- [Task brief] Your task is to copy the lines from the line containing "and y we said" through the end of the listing below, both included, without any pictures.

- [Given information]
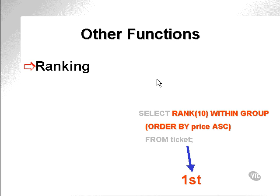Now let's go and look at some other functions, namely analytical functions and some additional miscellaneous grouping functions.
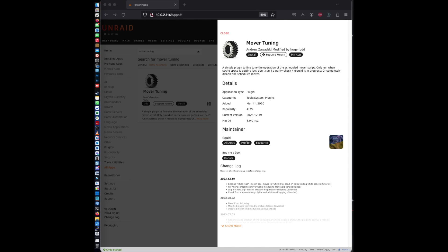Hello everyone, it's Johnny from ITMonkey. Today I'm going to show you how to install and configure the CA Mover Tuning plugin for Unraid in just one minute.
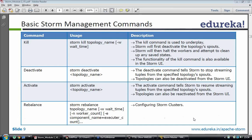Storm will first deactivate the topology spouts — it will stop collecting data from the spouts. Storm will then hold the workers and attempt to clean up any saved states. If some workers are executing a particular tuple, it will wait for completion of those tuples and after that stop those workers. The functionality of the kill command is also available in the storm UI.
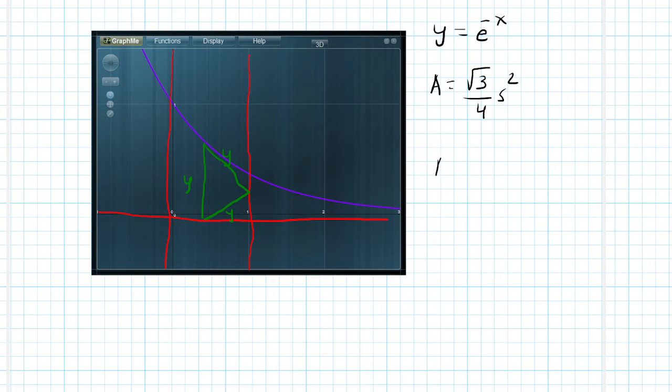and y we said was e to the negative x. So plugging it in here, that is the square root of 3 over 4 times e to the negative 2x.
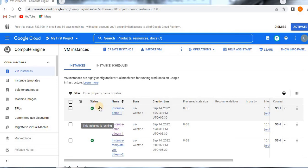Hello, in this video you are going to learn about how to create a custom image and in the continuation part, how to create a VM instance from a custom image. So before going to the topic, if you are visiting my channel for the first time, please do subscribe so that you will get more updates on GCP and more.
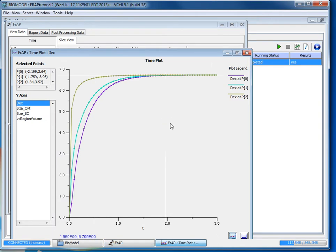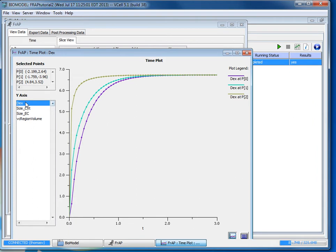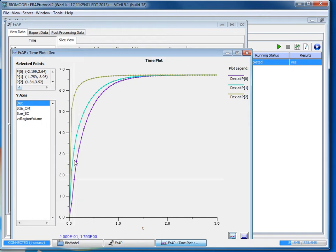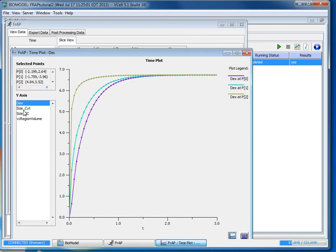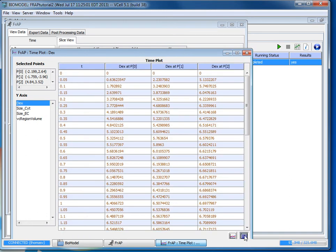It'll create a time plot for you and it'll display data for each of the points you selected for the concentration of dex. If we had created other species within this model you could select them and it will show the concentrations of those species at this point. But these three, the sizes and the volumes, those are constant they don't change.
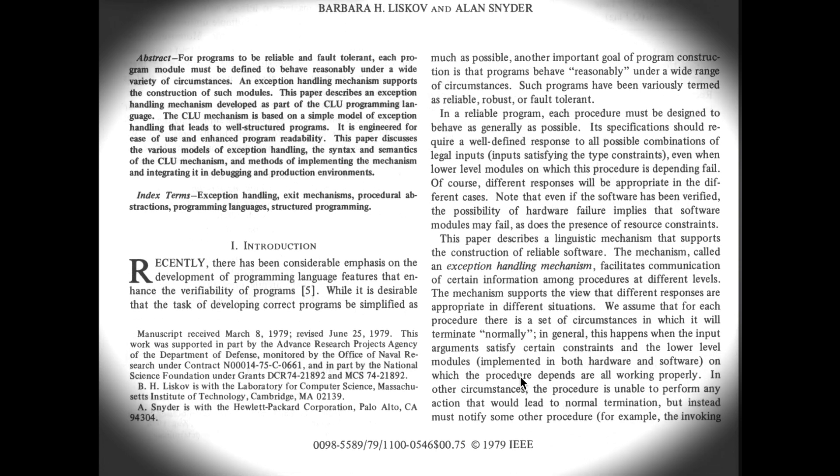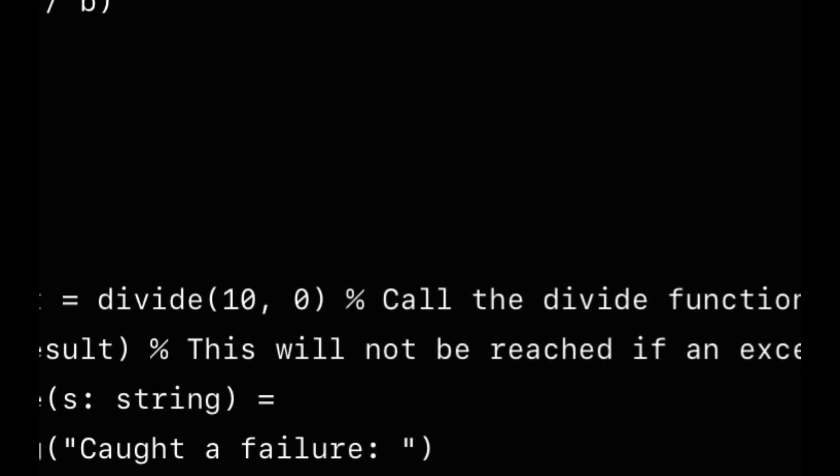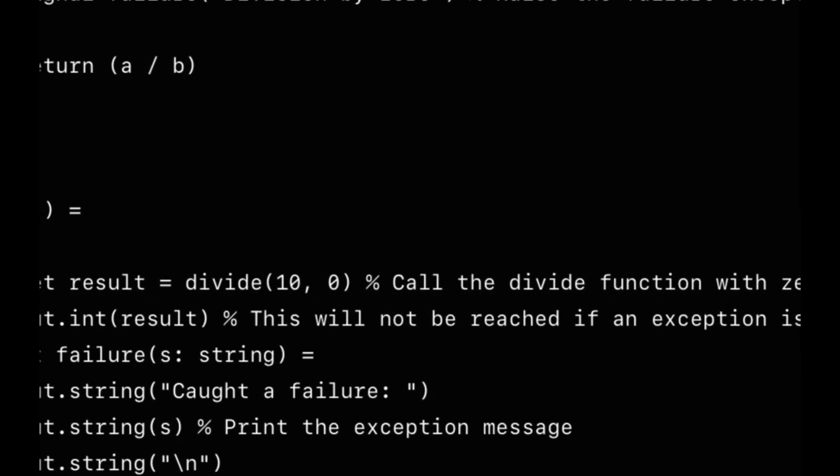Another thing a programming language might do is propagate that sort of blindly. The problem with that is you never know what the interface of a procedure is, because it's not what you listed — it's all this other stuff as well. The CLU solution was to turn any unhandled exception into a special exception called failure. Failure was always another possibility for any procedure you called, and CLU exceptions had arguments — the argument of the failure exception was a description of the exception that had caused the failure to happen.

- [Answer to the exercise]
and y we said was e to the negative x. So plugging it in here, that is the square root of 3 over 4 times e to the negative 2x.
Hello, in this video you are going to learn about how to create a custom image and in the continuation part, how to create a VM instance from a custom image. So before going to the topic, if you are visiting my channel for the first time, please do subscribe so that you will get more updates on GCP and more.
It'll create a time plot for you and it'll display data for each of the points you selected for the concentration of dex. If we had created other species within this model you could select them and it will show the concentrations of those species at this point. But these three, the sizes and the volumes, those are constant they don't change.
Another thing a programming language might do is propagate that sort of blindly. The problem with that is you never know what the interface of a procedure is, because it's not what you listed — it's all this other stuff as well. The CLU solution was to turn any unhandled exception into a special exception called failure. Failure was always another possibility for any procedure you called, and CLU exceptions had arguments — the argument of the failure exception was a description of the exception that had caused the failure to happen.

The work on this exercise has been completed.